Given the tremendous difficulty that even we have reconciling our skepticism with our desire for certitude, separated as we are by two thousand years from the Biblical age, imagine how much more difficult it would have been to struggle against belief if you were a contemporary who witnessed the living Christ and encountered evidence of his miracles. Imagine further that you are not just any man, but are actually the criminal who was spared from the cross when the mob was offered the choice of setting Jesus or one of his fellow prisoners free, that the innocent Christ quite literally died for your sins. This is what Par Lagerqvist has done in this beautiful and moving novel. Barabbas is set free but not before seeing the luminescent figure of Christ and hearing him plead that Barabbas be spared and not himself. Barabbas then feels compelled to follow Christ to Golgotha, where he witnesses the Crucifixion and sees the darkness fall as Christ dies.
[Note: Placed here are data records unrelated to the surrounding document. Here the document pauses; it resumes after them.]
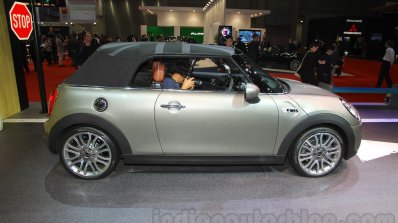 2016 Mini Convertible profile at the 2015 Tokyo Motor Show
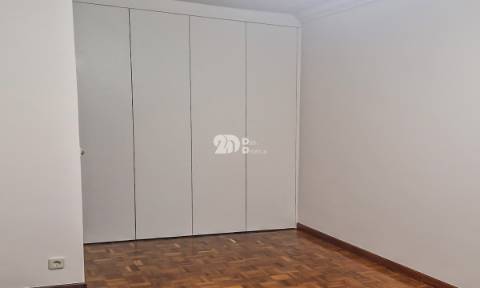 Arrendamento T3 (Arrendamento) - Arnoso Stª Maria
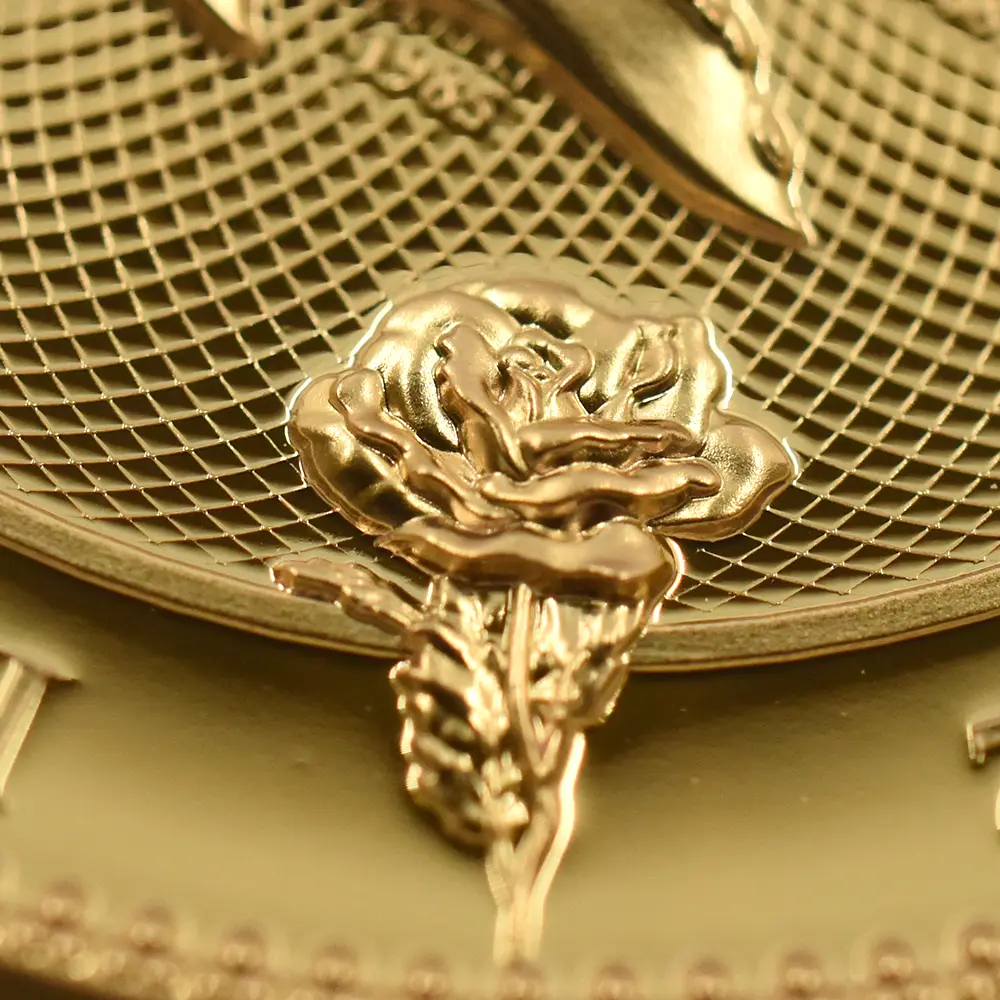 モダンコイン8:6611 ニウエ 2025 チャールズ3世 女王エリザベス2世追悼記念 ハイレリーフ 1ドル金メッキ銅貨 ファーストリリース NGC PF70UC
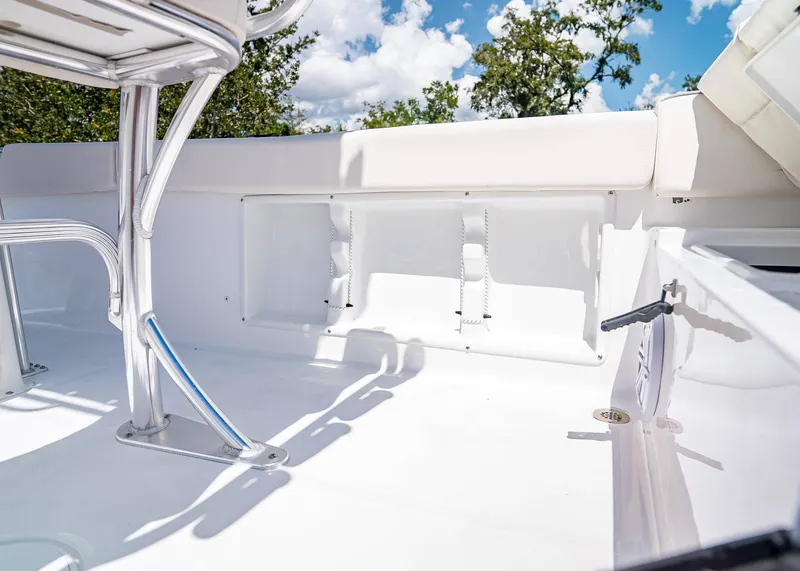 Slide: The Image of Sea Hunt Ultra 219 2026 - 15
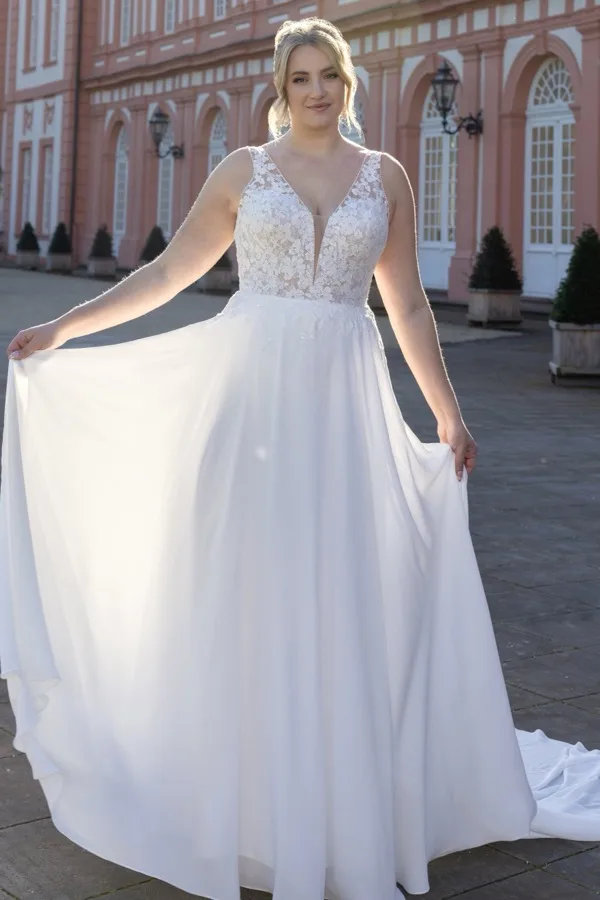 Brautkleid gro&szlig;e Gr&ouml;&szlig;en: Madonna-90810_12A4257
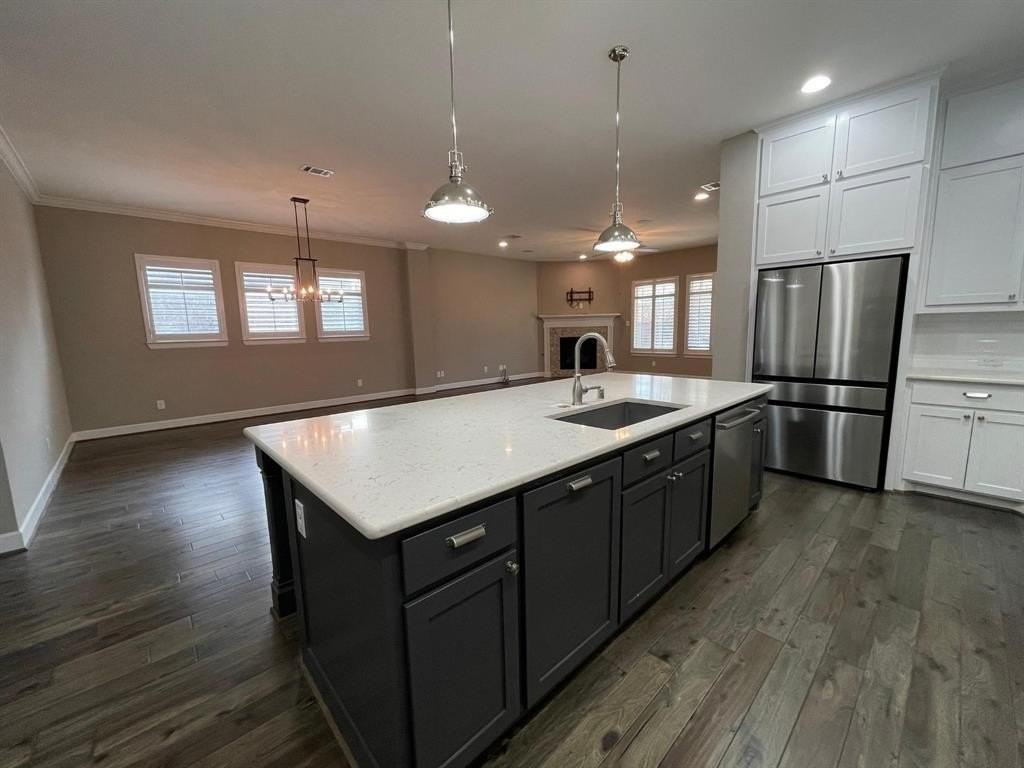 1400 Daisy Corner Dr - Photo 3 of 21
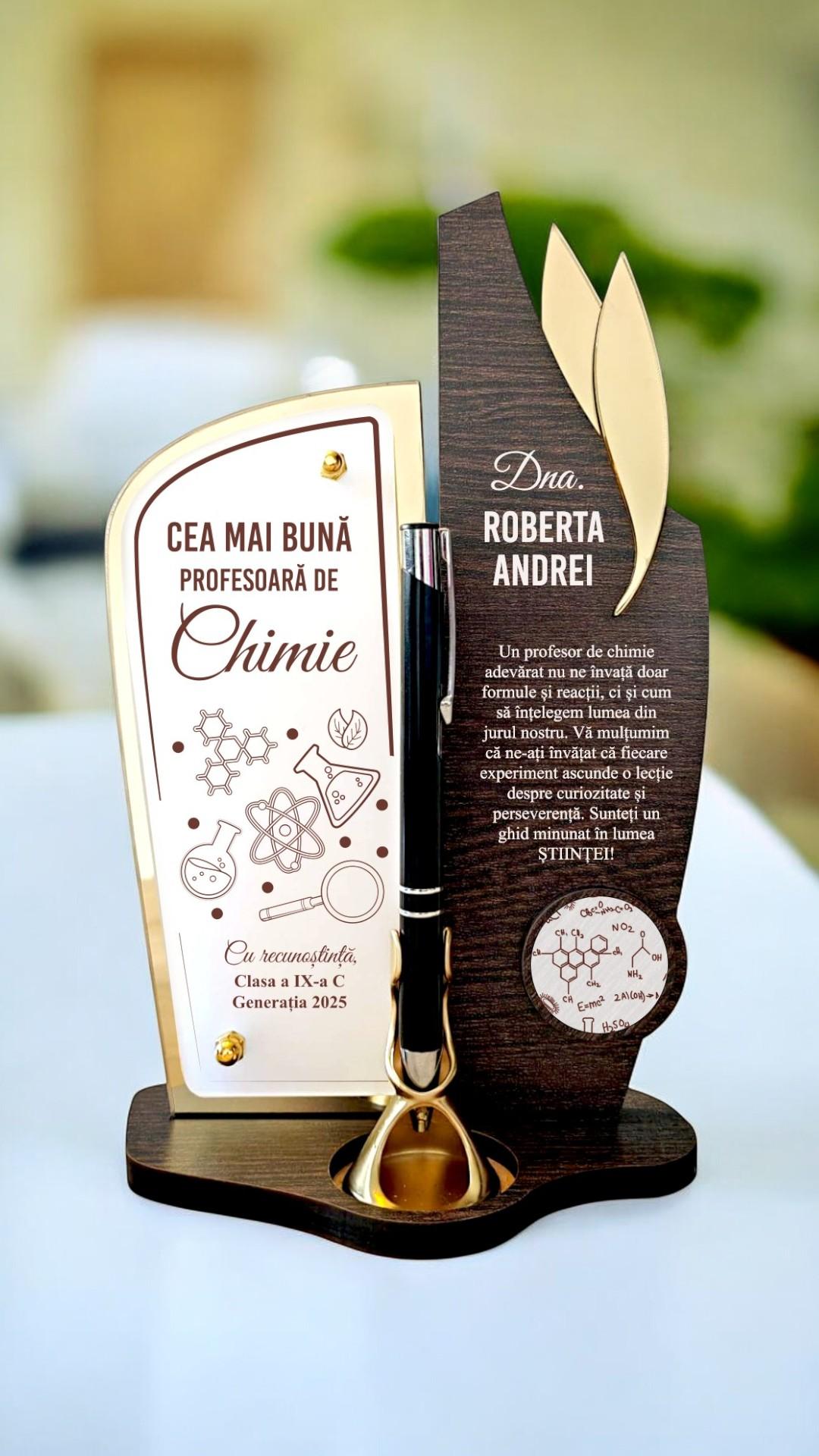 Trofeu personalizat cu pix – Cea mai buna profesoara de chimie Trofeu personalizat cu pix – Cea mai buna profesoara de chimie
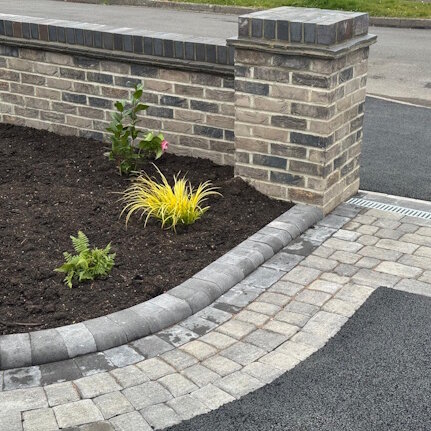 Garden wall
Through the rest of his life, Barabbas's path intersects with the disciples and followers of Christ. Always he resists their belief-how after all can one believe in a Savior who allows himself to be crucified-but looks for some irrefutable proof from them that Jesus was the Messiah. His ambivalence comes to represented on a medallion that he wears. On the front it says that he is property of the Roman State-it is placed on him while he is enslaved in the mines-but he has a Christian acolyte scratch the symbols on the back that show him to be a follower of Christ. Still later he scratches this out. Ultimately, while living in Rome, he hears rumors that the Christians have set the city aflame and, taking up a burning brand, he proceeds to start the fires that he hopes will signal the return of the Messiah. In the final scene, he is crucified along with Peter and the other Christians accused of arson:
When he felt death approaching, that which he had always been so afraid of, he said out loud into the darkness, as though he were speaking to it:
– To thee I deliver up my soul.
And then he gave up the ghost.
These lines concisely capture the human dilemma. The darkness reappears, recall it descended as Christ died, and Barabbas calls out "as if" he were speaking to it. Does his addressing the darkness mean that in the end he believes it is God? Or does the "as if" imply that he dies doubting? And though he delivers his soul, he gives up the ghost-is he in fact imbued with a divine spark which he can surrender to God?
I found the following story in one of the sermon's below:
Par Lagerkvist, in his short story, My Father and I, tells of an experience he had as a small boy when he and his father went for a walk one Sunday afternoon. It was a beautiful day when their walk began, but suddenly night came and they were engulfed in darkness. In order to find their way home, they followed the familiar railroad tracks. The boy was filled with great fear at the encroaching darkness, though the father walked calmly along. The boy tried to walk closer to his father. He confesses to his father that the darkness is terrifying him and the father replies:
"'No, my boy, it's not horrible,' he said, taking me by the hand.
'Yes, father, it is.'
'No, my child, you mustn't think that. Not when we know there is a God.'
I felt so lonely, forsaken. It was so strange that only I was afraid, not father, that we didn't think the same. And strange that what he had said didn't help me and stop me from being afraid. Not even what he said about God helped me… We walked in silence, each with his own thoughts. My heart contracted, as though the darkness had got in and was beginning to squeeze it.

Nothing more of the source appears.